There is also a "bag of words" section from the processed results of the free-text response section:



In [ ]:

    
df.filter(like='word_')

Make the feature vectors, by putting together everything from the adult module, and everything from the free response section.



In [ ]:

    
X = np.hstack((np.array(df.filter(regex='a\d_')), np.array(df.filter(like='word_'))))

Did I get that right?



In [ ]:

    
np.array(df.filter(regex='a\d_')).shape, np.array(df.filter(like='word_')).shape



In [ ]:

    
X.shape

Actually, that won't work without more data cleaning, because sklearn expects the feature vectors to be numbers, not answers like "Yes" and "Don't know".

So let's just use the open-response text, which has already been processed.



In [ ]:

    
X = np.array(df.filter(like='word_'))

The causes of death appear in the gs_text34 column (obviously...)



In [ ]:

    
df.gs_text34

For class purposes, we will simplify the prediction task: was the death due to stroke, diabetes, or something else?



In [ ]:

    
df['Cause'] = df.gs_text34.map({'Stroke':'Stroke', 'Diabetes':'Diabetes'}).fillna('Other')
y = np.array(df.Cause)

Did that work?



In [ ]:

    
np.unique(y)

Now, let's train one of our (by now) standard classifiers to predict the underlying cause of death from the restricted cause list:



In [ ]:

    
import sklearn.tree

clf = sklearn.tree.DecisionTreeClassifier()
clf.fit(X,y)

y_pred = clf.predict(X)
np.mean(y == y_pred)

Does that look good? Too good? If it looks too good to be true, it probably is...



In [ ]:

    
import sklearn.cross_validation

scores = sklearn.cross_validation.cross_val_score(clf, X, y)

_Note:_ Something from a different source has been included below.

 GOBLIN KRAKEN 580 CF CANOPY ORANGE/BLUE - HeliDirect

print scores.mean(), scores.std()



In [ ]:

    
sns.distplot(scores, rug=True)

What have we done here?



In [ ]:

    
help(sklearn.cross_validation.cross_val_score)

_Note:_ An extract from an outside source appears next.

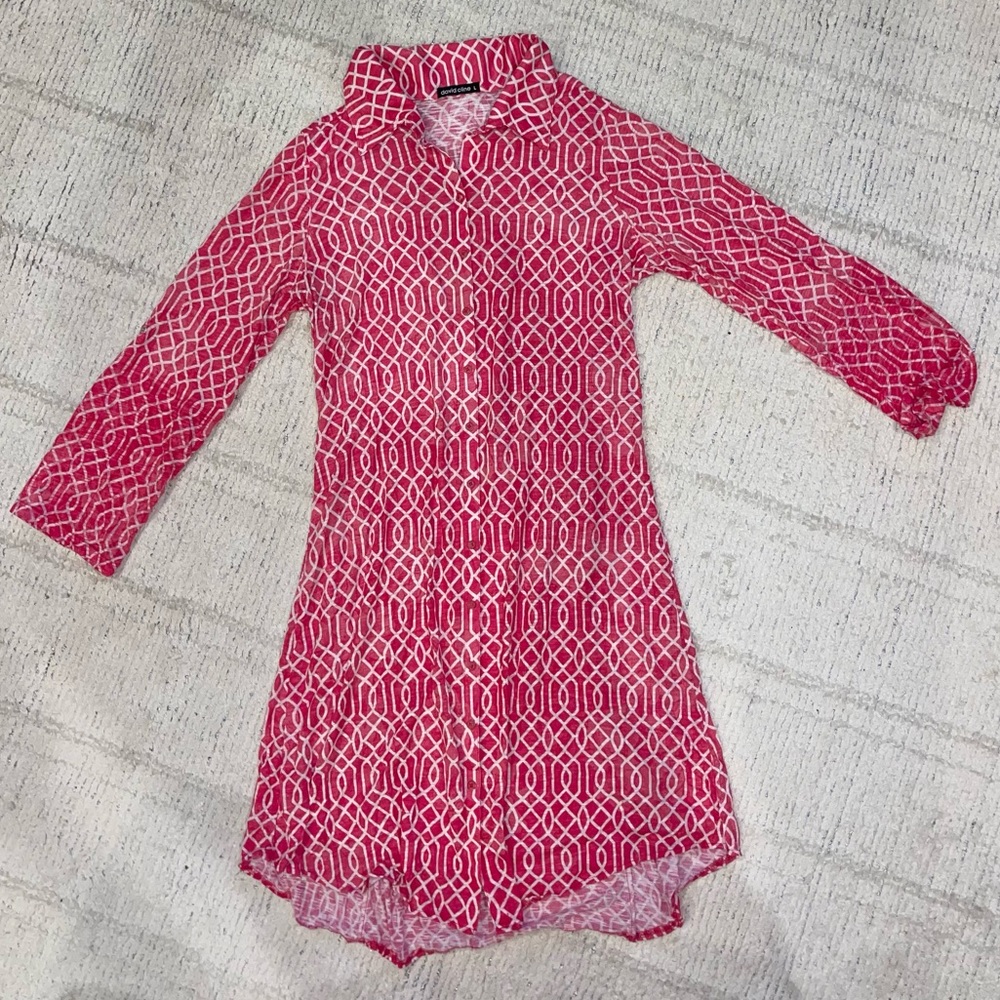 David Cline cotton snap front shirt dress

If you read through that, you will find out: we have done stratified K-Fold cross validation with $K = 3$. In other words, split the data into 3 equal parts (what if it's not divisible by three?) and then use two for training and the third for testing, in all three ways.

So how to do 10-fold CV as in the reading?



In [ ]:

    
%%time

n = len(y)
cv = sklearn.cross_validation.KFold(___________________________)
scores = sklearn.cross_validation.cross_val_score(clf, X, y, cv=cv)

print scores.mean(), scores.std()



In [ ]:

    
sns.distplot(scores, rug=True)

I think it is important to stratify the sampling, although our book does not make a big deal about that:



In [ ]:

    
n = len(y)
cv = sklearn.cross_validation.StratifiedKFold(n, n_folds=10, shuffle=True)
scores = sklearn.cross_validation.cross_val_score(clf, X, y, cv=cv)

print scores.mean(), scores.std()

Oops, what did I get wrong here? Can you fix it?



In [ ]:

    
cv = sklearn.cross_validation.StratifiedKFold(___________________________)
scores = sklearn.cross_validation.cross_val_score(clf, X, y, cv=cv)

print scores.mean(), scores.std()



In [ ]:

    
sns.distplot(scores, rug=True)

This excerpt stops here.